And I so wish the similarity goes much beyond that. She is a beautiful lady inside out. An exceptional professional, a sought after orator, a literary personality and a total family person too. Not the typical mamma material who would care for the child, worry unnecessary about the routine things like if her kids are well fed or are sleeping enough, how they are dressed, staying awake with their exams, no not at all. But she comes as a pillar of strength when we need her. It’s only now when I have seen few ups and downs in life I have realized how wonderful and strong she is. She and dad together give the best advice possible. She sometimes seems so vulnerable but at other so strong. I can’t put in words how much I respect her and want to be like her.

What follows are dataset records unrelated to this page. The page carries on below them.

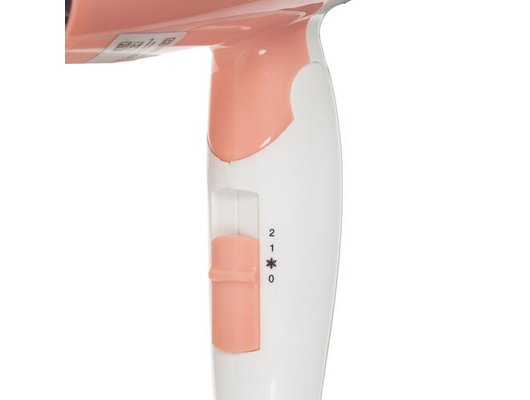 Фен Blackton Bt HD1001C White-Pink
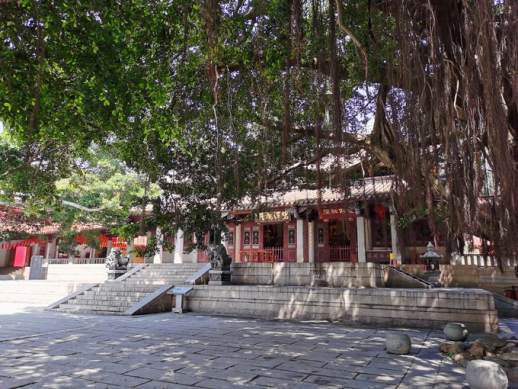 题破山寺后禅院赏析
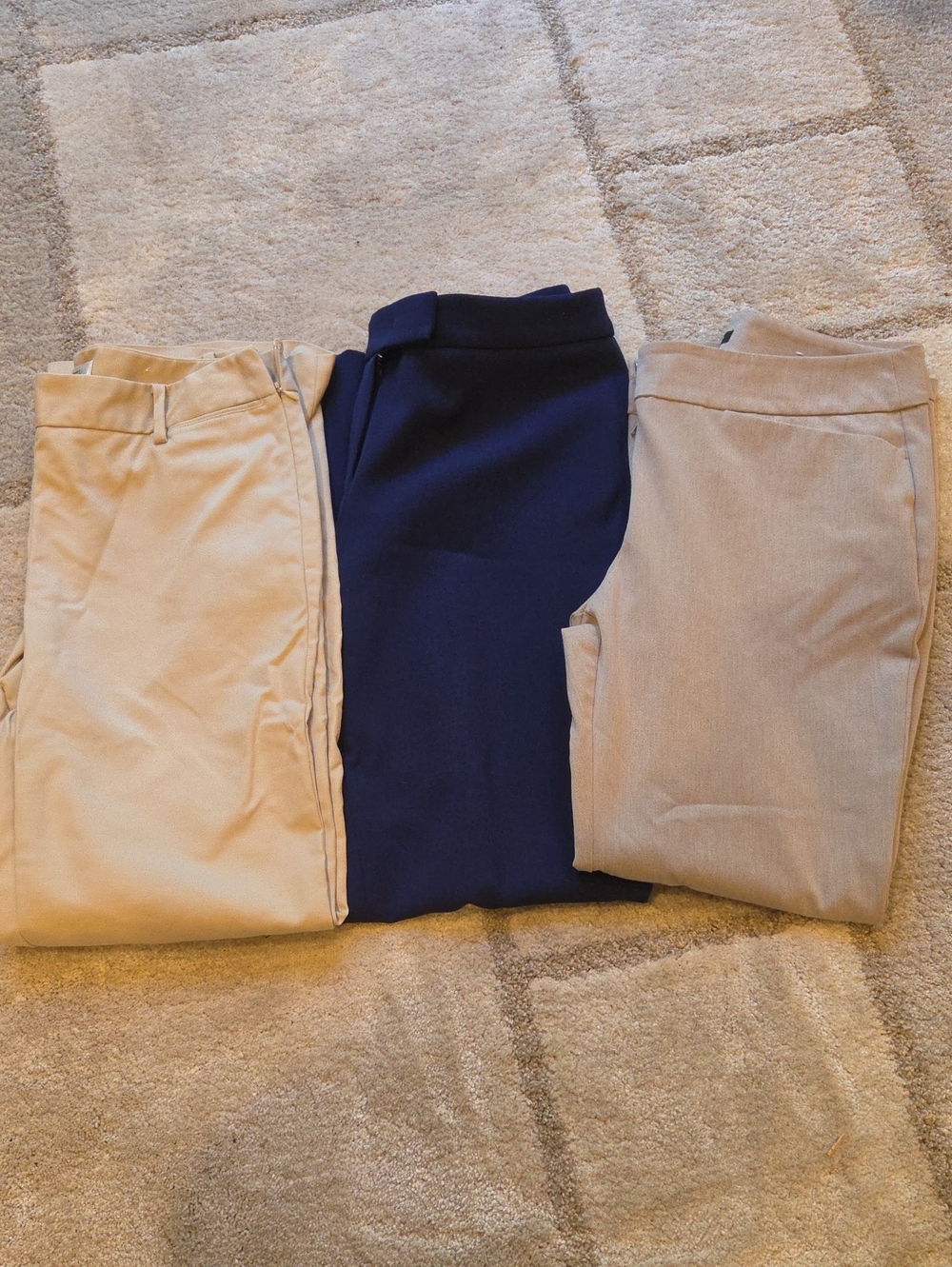 Ann Taylor, Anne Klein, Loft 3 Women's Pants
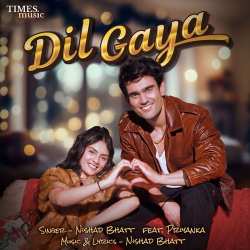 Dil Gaya - Priyanka Official Audio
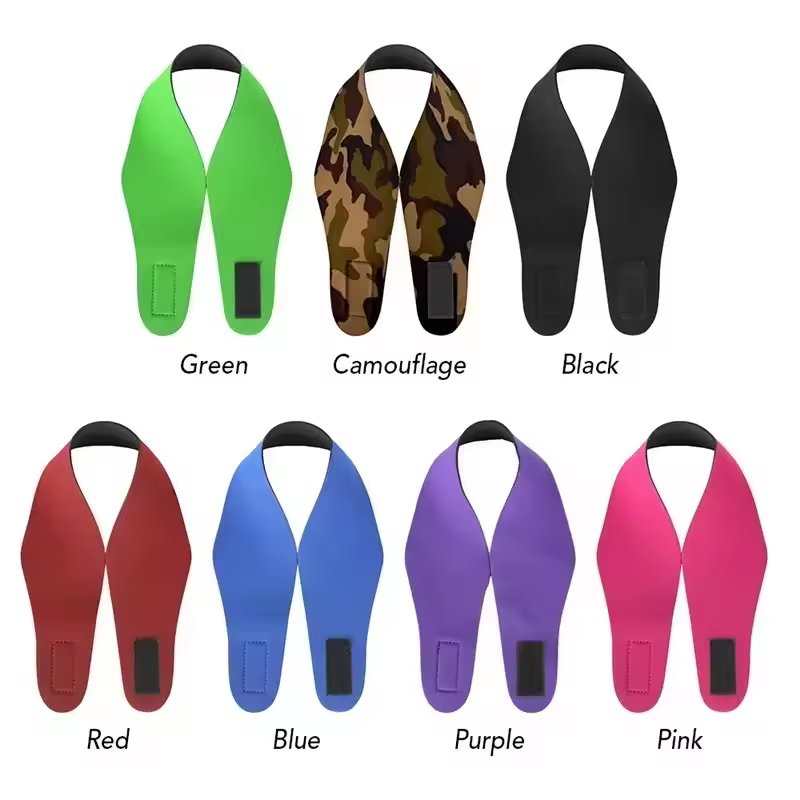 Water Protector Gear Neoprene Soft Swimming Ear Protection Head Bands For Kids Adult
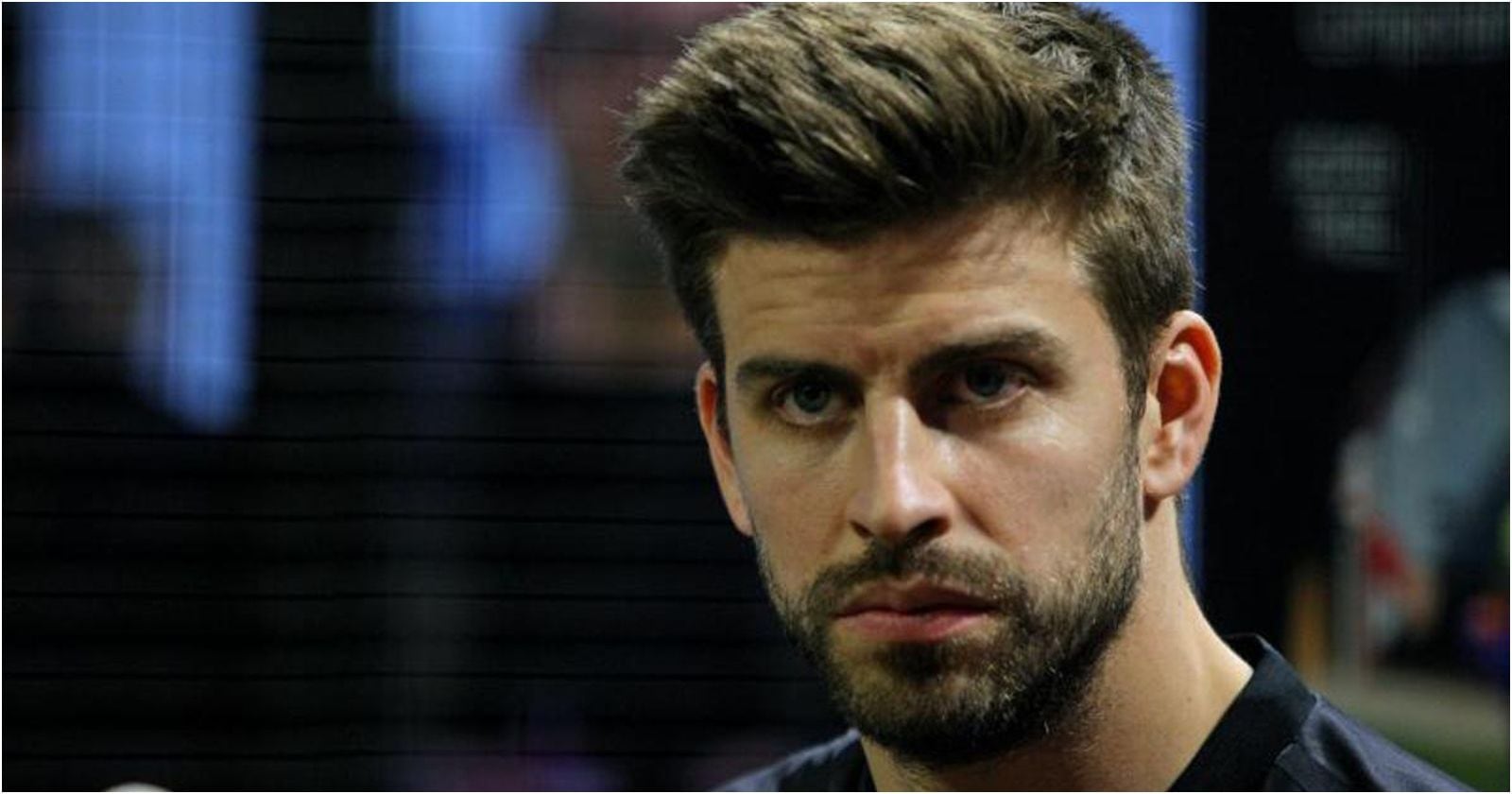 Gerard Piqué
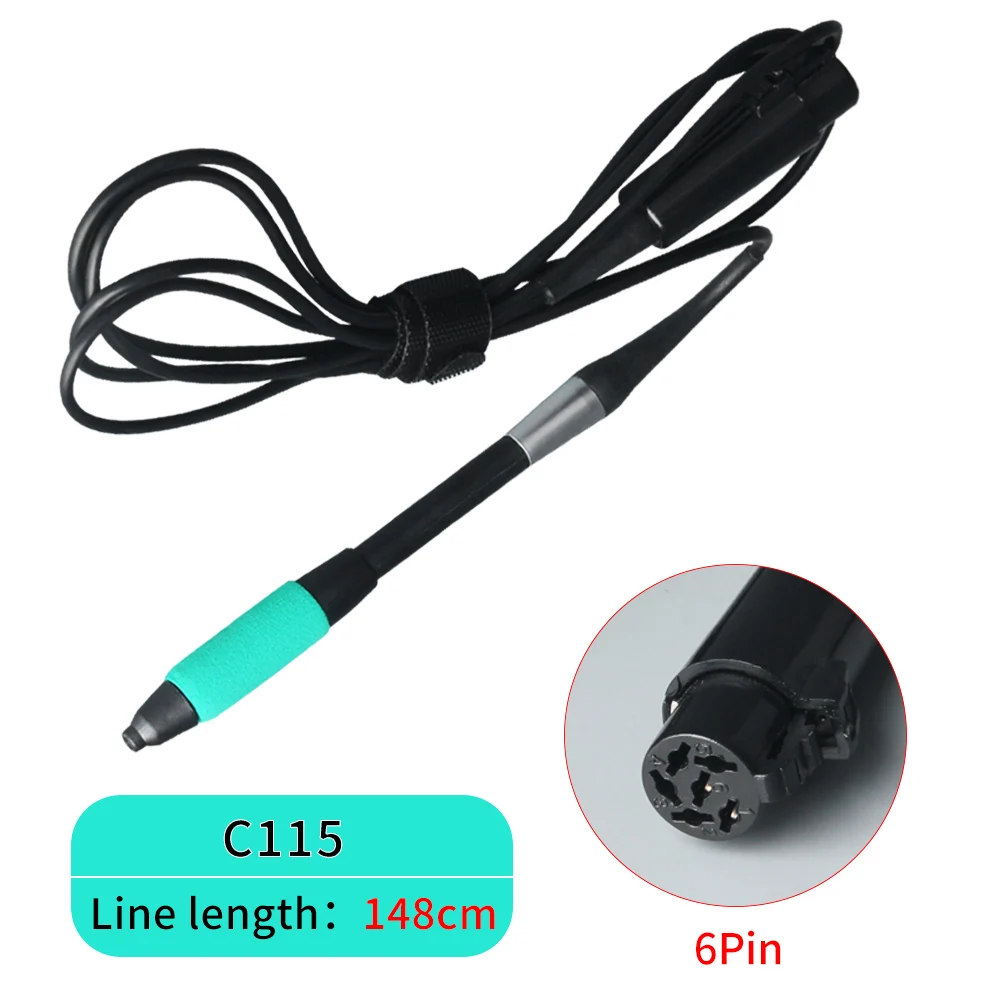 SUGON Soldering Iron Handle fo - Industrial Laser Soldering Iron のレビューと価格
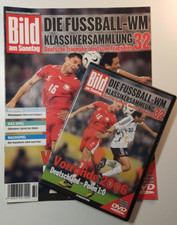 fussball wm klassikersammlung gebraucht kaufen fussball wm klassikersammlung gebraucht kaufen Leinfelden-Echterdingen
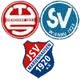 Wappen / Logo des Teams SG Grenzbachtal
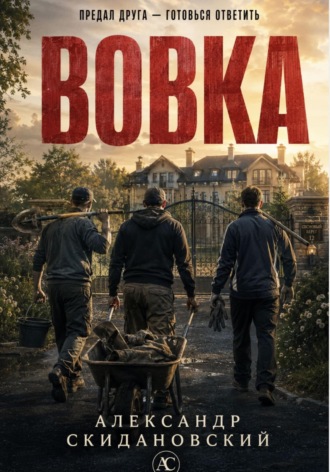 Вовка , Вовка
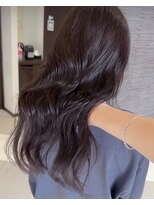 ジャパン ホンテン(JAPAN HONTEN) アッシュブラウン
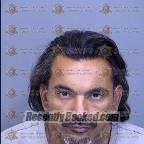 Recent Mugshot Image for Simon Jose Sanchez in Maricopa County, Arizona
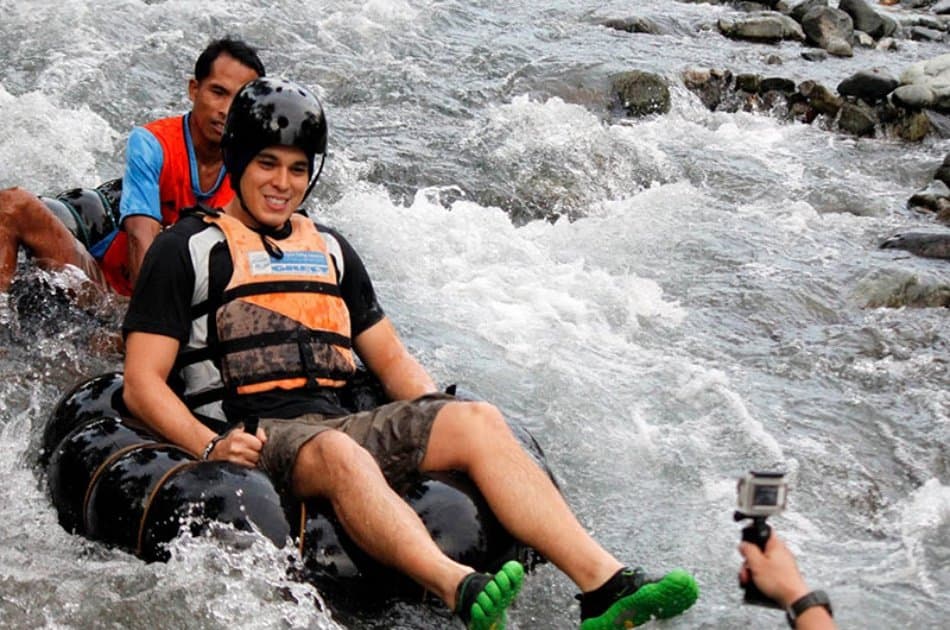 Maitum River Tubing With Lunch - Photo 4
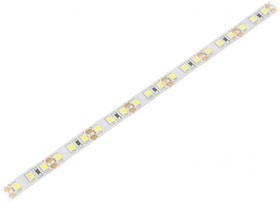HH-S120F008-2835-12 NW WHITE PCB IP20, Лента LED, белый нейтральный, 2835, 12В, LED/м: 120, 8мм, белая PCB HH-S120F008-2835-12 NW WHITE PCB IP20, Лента LED, белый нейтральный, 2835, 12В, LED/м: 120, 8мм, белая PCB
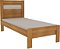 Cama de Solteiro Safira Tcil  Cinamomo (Flex) - Imagem 4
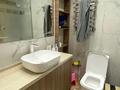 3-бөлмелі пәтер · 82 м² · 11/14 қабат, Абишева — 1 очередь, бағасы: 63 млн ₸ в Алматы, Наурызбайский р-н — фото 12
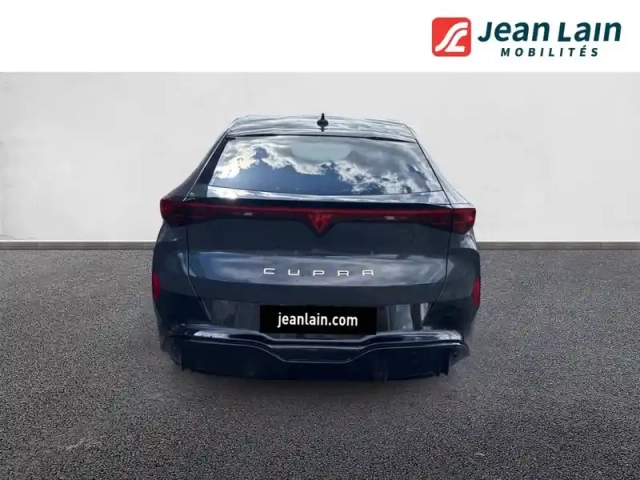 Cupra Tavascan 286 ch — photo 6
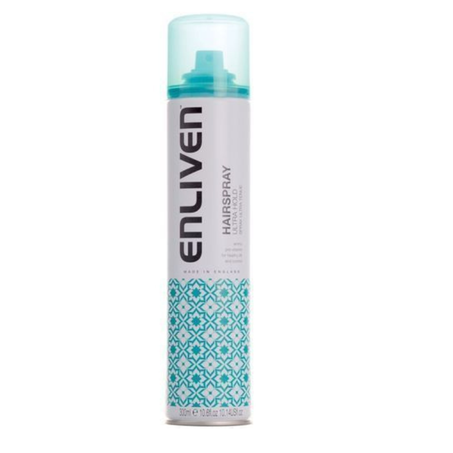 Enliven Ultra Hold Hair Spray - 300ML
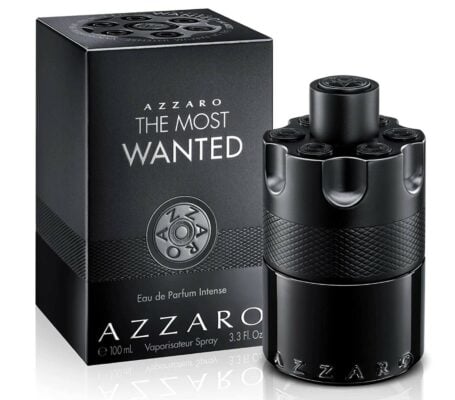 Azarro The Most Wanted Intense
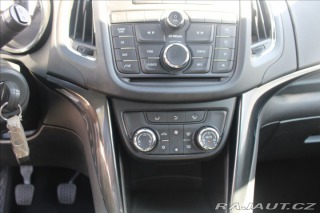 Opel Zafira 1,4 Turbo Tourer 7Míst 2016
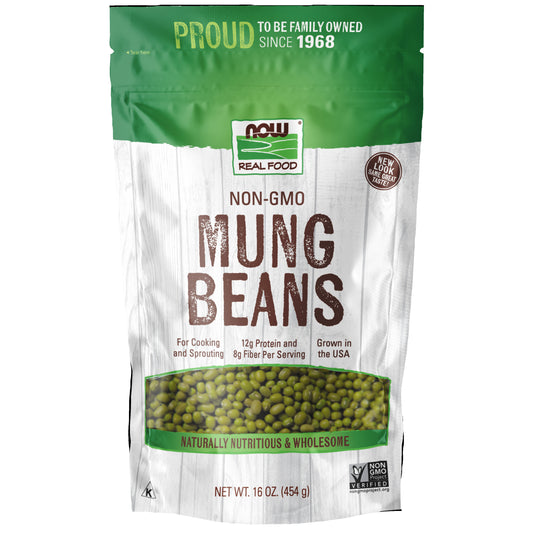 Mung Beans - 1lb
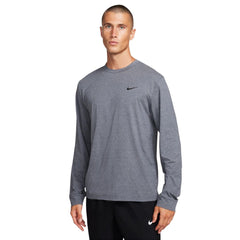 Dri-FIT UV Hyverse Sweatshirt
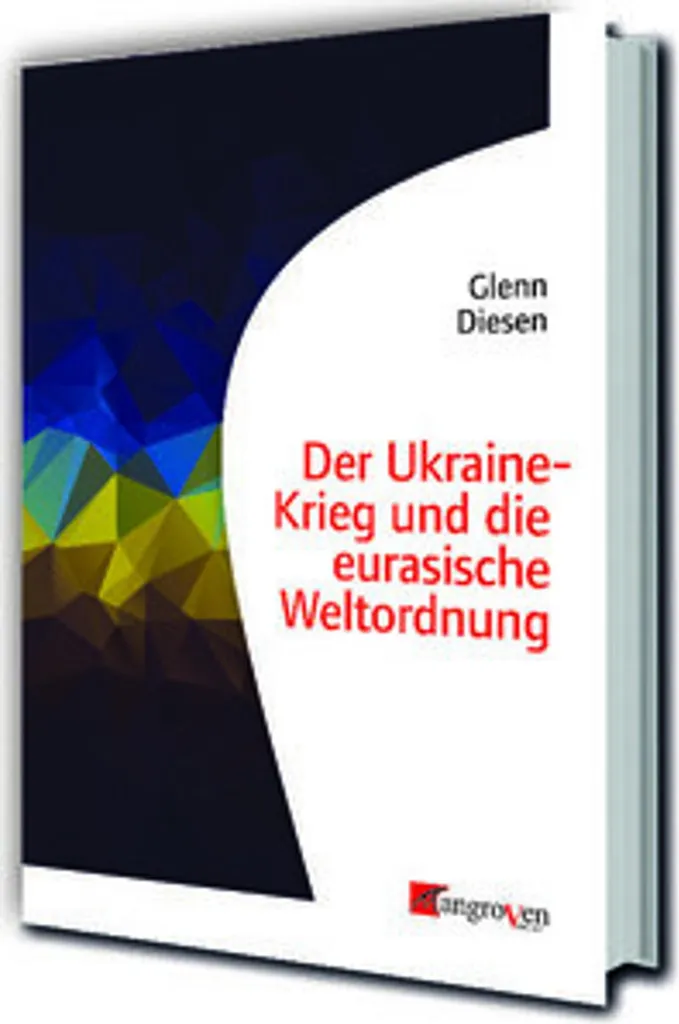 Guerre en Ukraine et ordre eurasien : Tout comprendre enfin clairement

I read somewhere that its only in your late 20s that you feel you are tuning into your mom. And I feel it so many times, on all her habits I used to crib as a child, I follow exactly same now. The sister usually calls me her second mom, because my behavior with her is more like our own mom in fact only more interfering. Mom has this immense ability of keeping herself detached from us where necessary, giving us our own space. I always wonder how she does it, it’s so difficult letting your child commit mistakes, fall right in front of you and than standing on the other side a support. Only once in my entire lifetime I saw her weak and the reason was me and in the end she turned out so right, I can’t imagine my current life if it wasn’t her taking command of my life.

All I wanna say is I love you Mom !!! Would never hurt you deliberately ever again, no matter what. Can’t thank God enough for making me your and dad’s daughter.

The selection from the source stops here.